[EXERCISE DESCRIPTION]:
What you return must match the listing below exactly, minus any pictures.

[RAW DATA]:
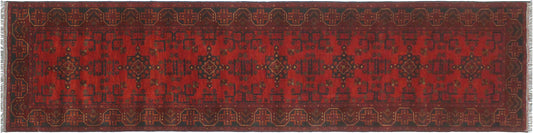 handmade Geometric Khal Muhamm Red Blue Hand Knotted RUNNER 100% WOOL area rug 3' x 13'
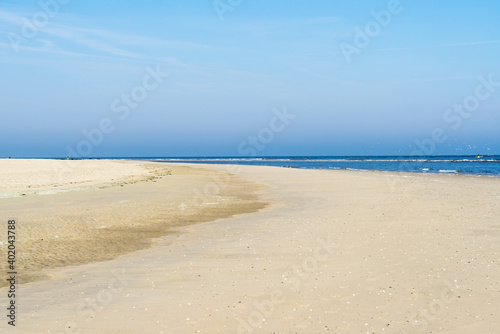 Yellow empty beach at the Dutch North Sea in summer with blue sky and sea
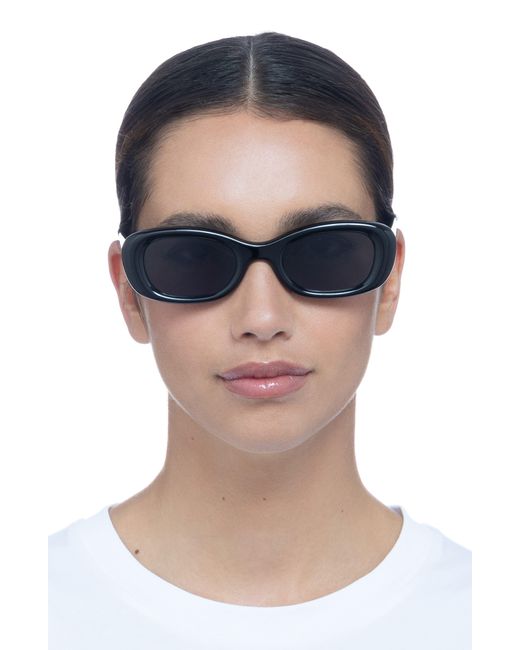 Aire Black Calisto 49mm Small Oval Sunglasses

[ANSWER SECTION]:
 handmade Geometric Khal Muhamm Red Blue Hand Knotted RUNNER 100% WOOL area rug 3' x 13'
 Yellow empty beach at the Dutch North Sea in summer with blue sky and sea
 Aire Black Calisto 49mm Small Oval Sunglasses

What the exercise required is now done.